In a country most would associate with English colonialism, Pondicherry (Puducherry) is a strongly French-influenced town in the south of India. It grew from sleepy village to significant trade center for the French East India company, which eventually replaced a log fire on a hill with a lighthouse to give ships fair warning.
The lighthouse shot out its first beam in 1836 and remained in use for 150 years. It stands now as a monument, but is being restored as a museum to the French architecture of the town.
Where else would you expect to find a lighthouse, but at the tip of a bay bearing the name Disaster. Green Cape lighthouse, in New South Wales, has seen a few wrecks in its time, most significantly the SS Ly-ee Moon which ran aground in 1886, just three years after the lighthouse was lit; 71 sailors died and 15 were rescued by the keeper.
Disaster Bay is at the border of two national parks (Croajingalong and Ben Boyd), and the lighthouse is perched above the epitome of an Australian bush beach: chalky, fine sand, rugged cliffs festooned with tea trees, wild blue waters and the lingering scent of eucalyptus.
The black-banded Creac’h, standing tall (seriously tall, at 180 feet) on Isle d’Ouessant (Ushant), is one of the most powerful lighthouses in the world. The French Atlantic coast is famous for its churning, storm-swept oceans, made treacherous by the numerous granite outcrops that lie off the Brittany shore.
The Creac’h cuts across the waters with a beam reaching 37 miles. A lighthouse museum provides an insight into the workings of the light. As a bonus, a visit to the Creac’h is an opportunity to visit the nearby Stiff Lighthouse, one of the older lighthouses still in use, built in the late 17th century.

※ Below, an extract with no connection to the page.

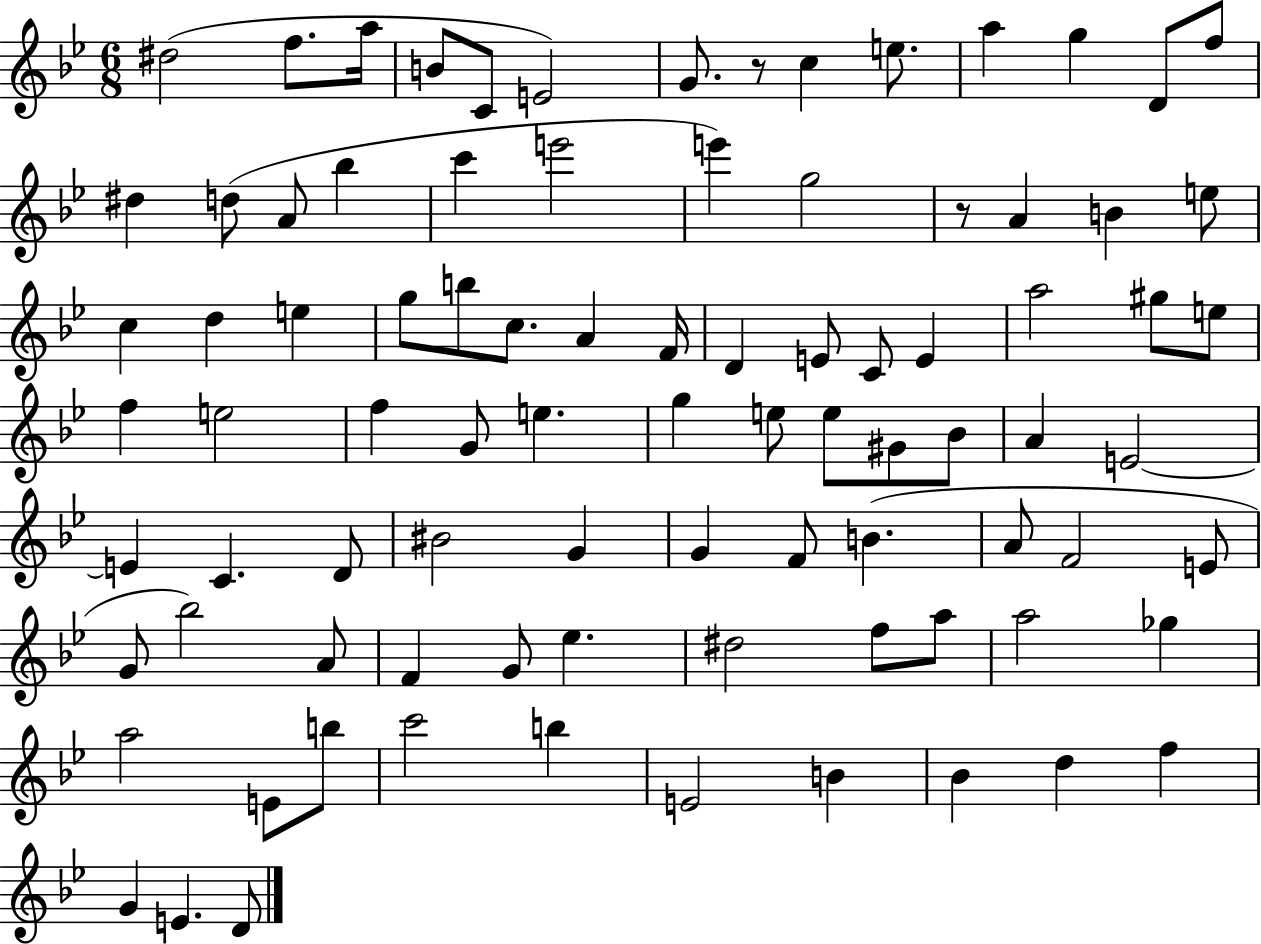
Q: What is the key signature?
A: BES major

The 1897 Cape Palliser Lighthouse, resplendent in its wide red bands, is a cynosure to ships navigating the Cook Straight, off the southern tip of New Zealand’s North Island.
Inland it looks over fine wine-and-food country, so it’s a gourmet lightspotter’s paradise and, as you’d expect in New Zealand, the adventure activities in the region are many. The light is still in service – and visitors can still climb up the 250 steps to get a light’s eye view of ocean and land.
Getting to Hailuoto Island by ferry adds to the nautical adventure. Hurry, though; continental rebound (the earth rising back up after being compressed from the glacier-weights of an ice age) will eventually see the island join the mainland.
The great granddaddy of lighthouses, Hook Head is arguably the oldest working light in the world. The site had humble beginnings, reportedly as far back as the 5th century, with monks lighting a beacon there. The structure as it stands today has existed for 800 years. It’s an automated light, squat and a little…plump (they say horizontal stripes emphasize a thick waist, so it might just be an illusion).
Access to the light is by tour, organized through the visitor centre. A historical teaser – have you ever wondered where the phrase ‘by hook or by crook’ comes from?
Looking out from the infamous Cape of Good Hope, Slangkop was built in 1914 but first lit after WWI, in 1919. A few years prior to its construction, the SS Maori was wrecked, highlighting the need for a beacon. The brilliant white of the structure has visitors pondering the repainting cycle, which must be constant.
This cast-iron lighthouse overlooks Kommetjie, a village about 19 miles from Cape Town, where visitors can combine your lightspotting with some crayfishing – crayfish is a local speciality.